Sometimes kids can be confused by what a particular look means. They may easily mistake a look of disappointment and think someone is angry, or they may mistake a nervous expression for a funny one.

4. Emotion Charades

Instead of using movie titles, animal or other typical words, use emotions.  Write down feeling words on pieces of paper. Take turns picking a slip of paper and then acting out the word written on it.

If kids prefer, you can draw the emotion rather than act it out like in the game Pictionary. You can make it harder by setting a rule that you cannot draw the emotion using a face.

Instead, they have to express the feeling by drawing the body language or aspects of a situation that would lead to that emotion (e.g. for sadness, you can draw a kid sitting alone on a bench, or a rainy day, etc.)

5. Face It

Face games are a way to work on social interaction.
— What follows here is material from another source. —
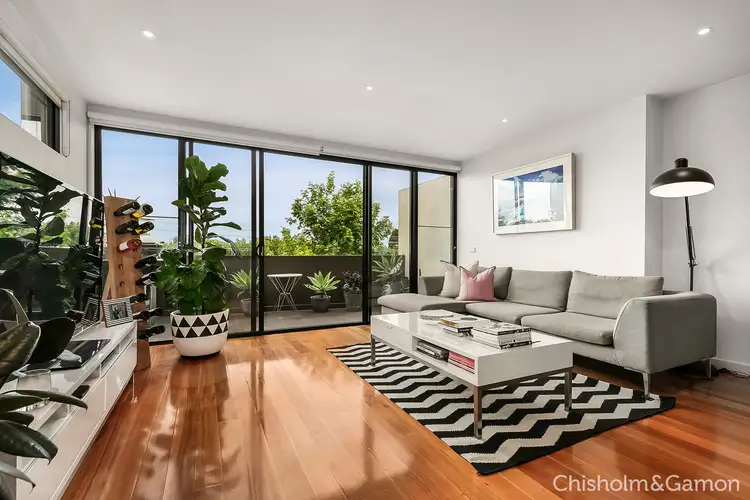 11/6 Pine Avenue, Elwood VIC 3184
Like in an acting class, you can try “mirroring” with an autistic child.

Touch your nose or stick out your tongue and have them imitate you. Make funny faces that the child can copy.
Kids with social skills deficits often have trouble reading expressions and interacting socially, so activities that get them more comfortable with these situations are a great idea.

6. Bingo/Matching Game

You can use the pictures from the printable emotions game as bingo boards.  You can also cut them up and make a matching set of words written or other similar faces and then you can play a matching or memory card game.

Staying On Topic

When people have a conversation, they pick a topic to discuss. Each person adds something to the conversation until it’s finished or the topic has changed. Sometimes it is hard for children to stay on topic and take part in a regular conversation. Here are some activities to help with listening and carrying out a conversation.

7. Topic Game

Play a game with the alphabet where every letter has to be the beginning of a word in a theme such as fruit or vegetable: A…apple, B…banana, C…carrot

8. Step into Conversation

Step into Conversation is a learning tool that provides children with autism with the structure and support they need to hold interactive conversations. Cards provide 22 basic, scripted conversations with areas for the child to fill in the blanks.
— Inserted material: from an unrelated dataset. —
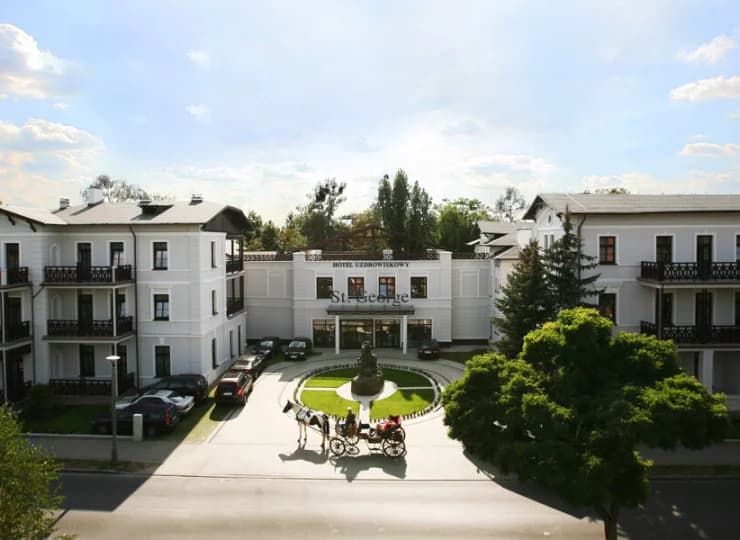 St George to uzdrowiskowy hotel w stylu XX-lecia międzywojennego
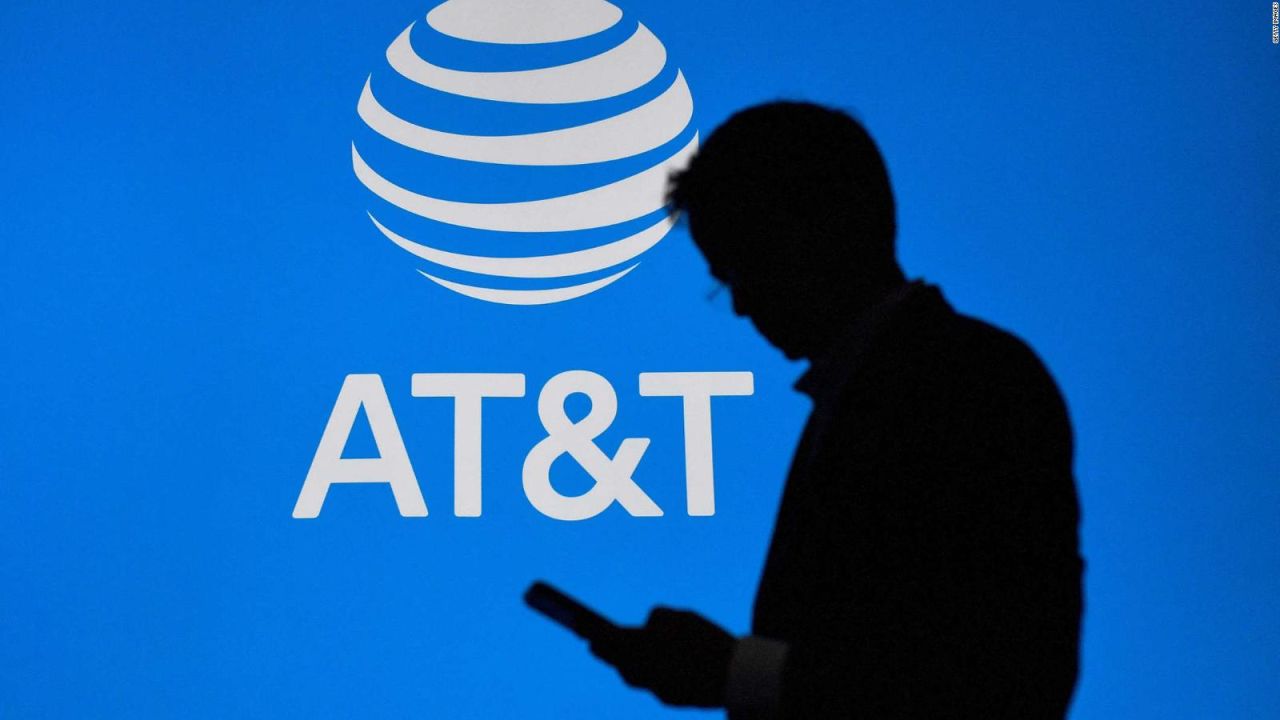 CNNE 1655787 - at&t investiga posible filtracion de datos de usuarios a la dark web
Icons with labels run along the top of each card and remind the child to Stand, Look, Talk and Listen. They are reminded to listen after they make each statement.    

9. Improvisational Storytelling

To play this game, put pictures of different emotions face down on the table. Then players decide together on some story elements must appear in the story (e.g., an arctic wasteland, a lemur, and a banana).

The goal is for the players to take turns making up the narrative, building on each others ideas and (eventually) making use of all the required story elements.

To begin, first player picks a card, and starts the narrative. He can take the story into any direction he likes, but he must incorporate the emotion depicted on the card. After a minute or two, the next player picks a card and continues the narrative.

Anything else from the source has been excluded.